By the same token, what does the backup system and unique pool data lifetime look like? If someone is using a very fast/smaller/expensive pool as a local working space, but it's constantly being replicated to a much more heavily redundant pool of spinning rust in turn backing up sufficiently fast to remote, it may be perfectly acceptable to have minimal redundancy (I still like being able to heal from corruption) in the working pool. If the whole thing going kaput only means losing a few minutes of data it's totally reasonable to consider how much money that's actually worth.

I guess a lot of the blanket advice for ZFS rubs me the wrong way. It's offers a very powerful toolbox full of options that are genuinely great in different circumstances, and there aren't many footguns (dedup being the biggest one that immediately comes to mind) that are hard to reason about. It's a shame if users aren't considering there own budgets, needs, hardware, and so on and taking advantage of it to get the most out of them.

[+] minimaul|5 years ago|reply
As always with RAID-style setups, there’s an inevitable trade off of cost vs capacity vs performance.

There’s still a place for RAIDZ/RAIDZ2, and in my opinion that place is storing bulk data that isn’t too heavily accessed or that needs to be stored with an eye towards keeping £/GB down.

Yes, mirrors are faster. Yes, mirrors are easier to expand. But across 12 4TB disks that is 24TB instead of 40TB with RAIDZ2 - and that’s a lot of capacity to lose if you’re on a budget.

The rebuild times in this post seem high to me, though. I replaced 7x 2TB disks (nearly full) in a raidz1 in a backup pool with larger drives in about 30 hours.

[+] magicalhippo|5 years ago|reply
> The rebuild times in this post seem high to me, though.

Two factors. Disks are getting large, and the rebuild time for RAID-Z[1] is dependent on the fragmentation. In combination it means it can take ages.

I just had to replace a failing WD Red 3TB[2] in an old 4xRAID-Z1 pool, and it took 9 hours. That was a single 3TB disk. The disks in my new pool are 14TB and 16TB.

[1]: https://youtu.be/Efl0Kv_hXwY

[2]: power-on hours in SMART showed over 7 years

[+] minimaul|5 years ago|reply
The one thing in the article I agree with without reservation though is that you should always have a backup of your pool!

ZFS makes doing good backups easy, with zfs send | zfs receive.

[+] zepearl|5 years ago|reply
Btw., I understand that with OpenZFS 2 and its new "sequential resilvering" feature ( https://arstechnica.com/gadgets/2020/12/openzfs-2-0-release-... ) rebuilding should be faster or should at least put less pressure on the drives (less random I/O)... .

Edit: sorry, just noticed that this was already mentioned in another subthread.

[+] jryb|5 years ago|reply
My gripe with this is that the author assumes everyone has the same workload and prefers the same set of tradeoffs.
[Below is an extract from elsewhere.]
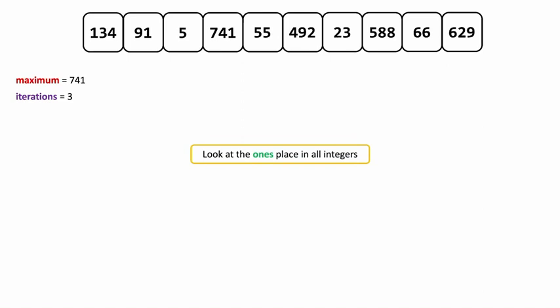On the first iteration, we're going to look at the ones place in all of these integers. Remember, we're starting at the least significant digit, so here it's going to be the ones place in all of these. For instance, 492 — we're going to look at the 2; 588 — we're going to look at the 8; 5 — we're just looking at the 5. These aren't going to be sorted in order this first time through. Don't be surprised when you see 741 before 492, because the 1 in the ones place of 741 is less than the 2 in 492, which is also in the ones place.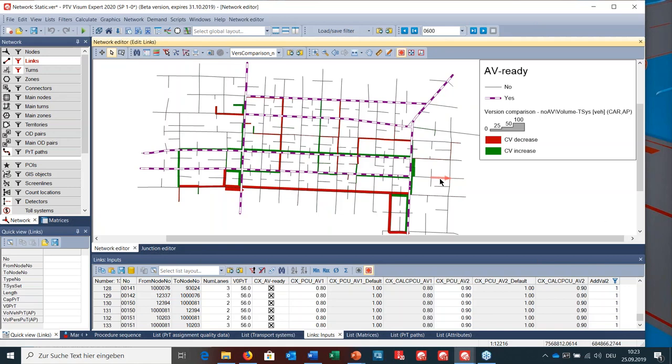In this network we see the AV-ready links and the shift of volumes for conventional cars. Red means a decrease in volume and green means an increase. Looking closely, there is a tendency that conventional car volumes are higher on AV-ready links — for example on this section and also on this section. On the other side, there is a decrease in volumes on sections which are not AV-ready. That is one way to compare the difference between two scenarios.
I use raidz1 on my home desktop precisely because I would absolutely prefer to have to wait for a resilver than lose data.

“So backup your data!” - of course, but that’s just an implicitly larger pool.

[+] aidenn0|5 years ago|reply
TFA suggests using mirrors instead of RAIDZ. There is no case in which RAIDZ1 is more durable against data loss than a mirror is.
[+] caillou|5 years ago|reply
I use 10x8TB in RaidZ 2 in my home server. TimeMachine Backup for 6 people, docker volumes and an excessively huge media collection.

The TimeMachine datasets are backed up offsite.

Losing this pool would be a PITA, but not critical.

My primary goal with ZFS is some data redundancy. At a good cost. And quick remote backup for a fraction of the pool. Not performance.

At one point, 2 disks died within 2 days. While there was some panic involved, the data on the server could be reproduced with some time.

There isn’t a best solution, that fits all needs. If there was, ZFS wouldn‘t offer all the options it does.

[+] js2|5 years ago|reply
This article is pretty hand-wavy. It doesn't give any empirical numbers at all.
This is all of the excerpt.